Sen. Pat Jones, D-Holladay, said most legislative Democrats have for years pushed any number of ethical reforms in the Legislature and since 2003, 18 such bills have failed, killed by the majority Republicans.
"This has been the worst year in Utah history" for legislative ethics, Jones added. Pushed by media members to expand on that statement, Jones and Reps. Carol Spackman Moss, D-Holladay, and Karen Morgan, D-Cottonwood Heights, both cited the recent ethics hearings on Rep. Greg Hughes, R-Draper. Moss and Morgan both sat on the House Ethics Committee, which cleared Hughes of the six charges, and 30 individual complaints, lodged against him by three other House Democrats.
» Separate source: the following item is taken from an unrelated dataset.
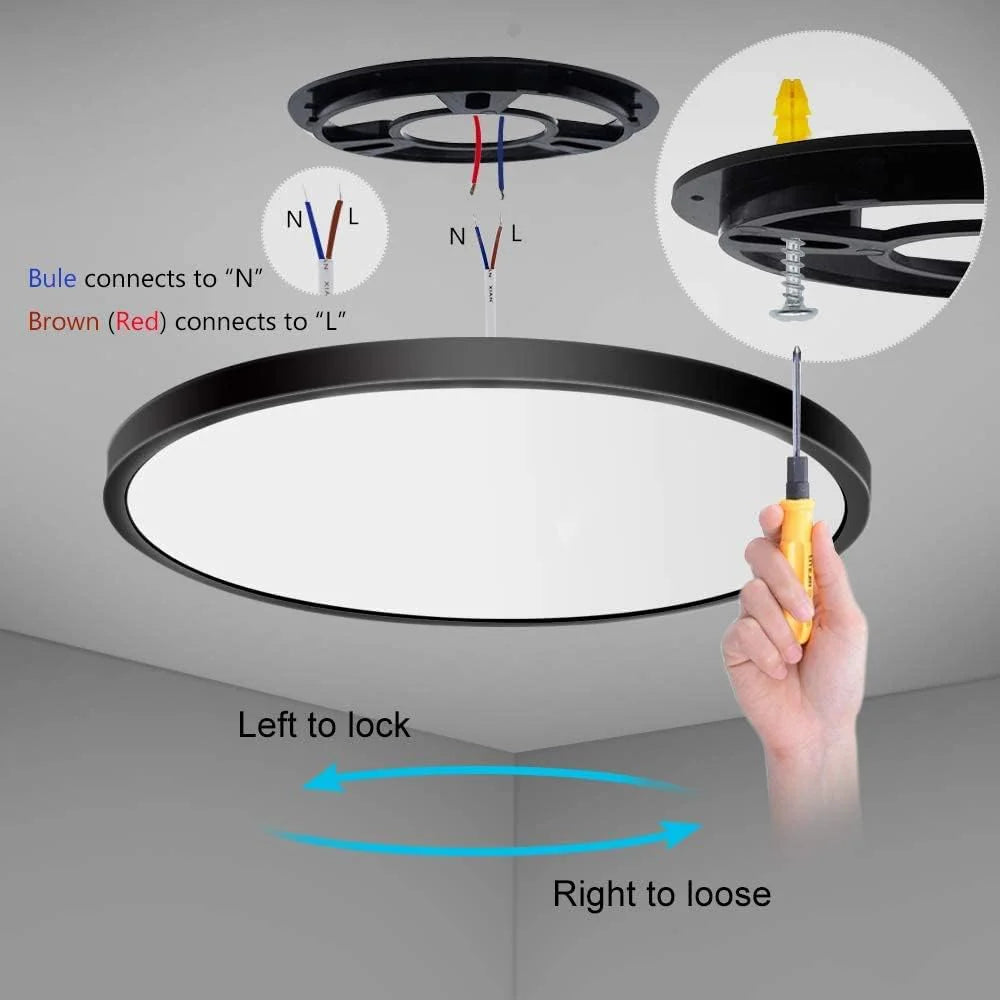 15.7 Inch 32W White /Black /Gold Round Ceiling Light – AC 110–130V  | 3000K / 4500K / 5000K / 6500K | Flush Mount Ceiling Light for Modern Home Lighting | 1-Pack – Local Stock (US)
Several of the votes on Hughes' actions were split 4-4, the four Democrats on the committee voting to find Hughes guilty, the four Republicans on the committee voting to acquit. The split vote meant no charges, and Morgan said an independent ethics panel "must happen." On other counts against Hughes, all eight members voted to acquit. The committee did issue a reprimand letter against Hughes.
"Ethics bills often find a sudden death in the Rules or other committees," said Jones, who herself has seen several ethics bills she's sponsored die in recent general sessions.
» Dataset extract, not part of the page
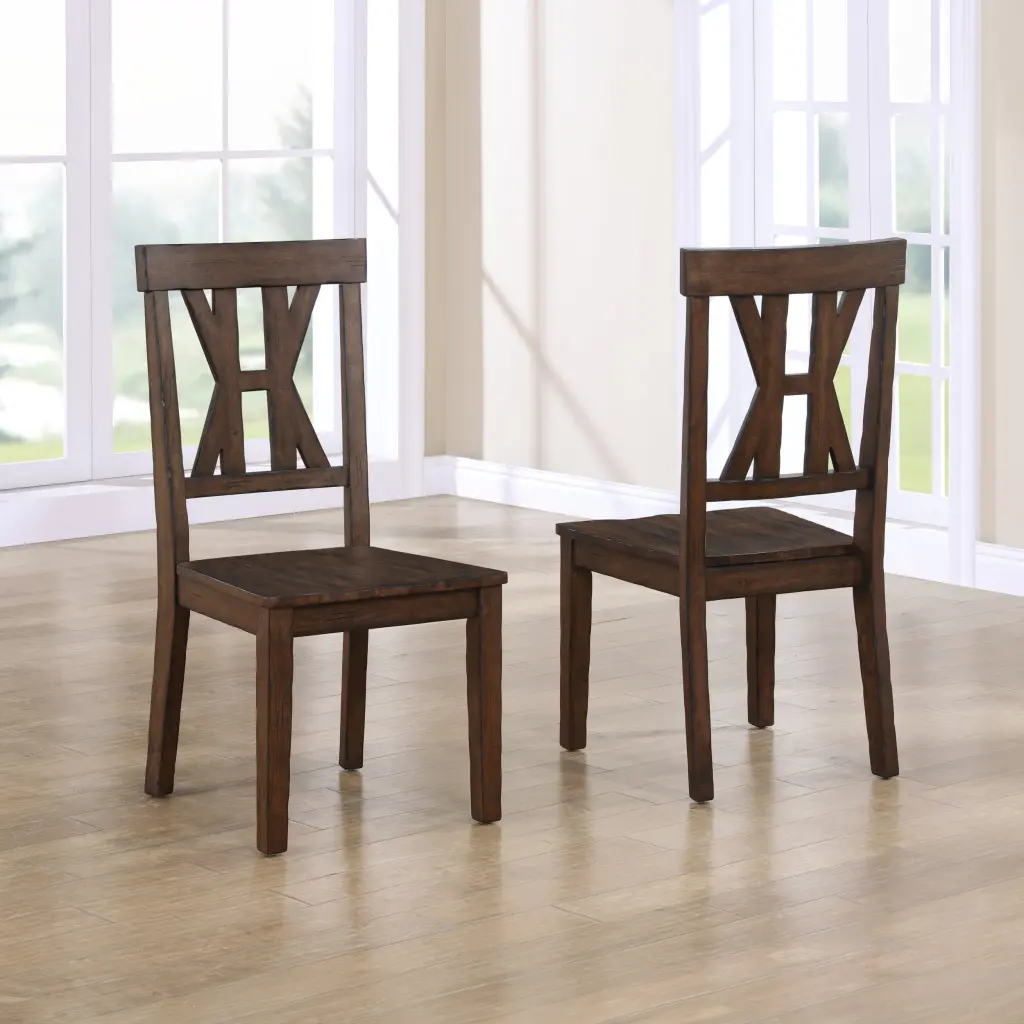 Auburn Side Chair Set 2 Dark Brown Wood steve silver furniture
GOP leaders in the House and Senate now say they favor action in the 2009 Legislature on several ethics fronts. (Several House GOP leaders point out that they have voted for such measures before, and the bills have passed the House only to die in the Senate.)
"But these (Republicans) are Johnny-come-latelies. I ask Utahns to ask these (legislators) to show proof" where they have supported ethics reform in the past, Jones said. Since many ethics bills were killed or otherwise blocked by the majority Republicans, "why should they change their ways?" she asked.
But, in fact, GOP Sen. Greg Bell, R-Fruit Heights, has sponsored a lobbyist gift-ban bill in the Senate the past two years. And both times his bill died in part because a Democratic state senator didn't show up to the committee to vote for or against it.
"Not all Democrats have been on board," Jones said when reminded of those votes. How will she and other Senate Democrats get ethics bills past both GOP and Democratic opposition in the Senate? "By using our strength and power," she replied.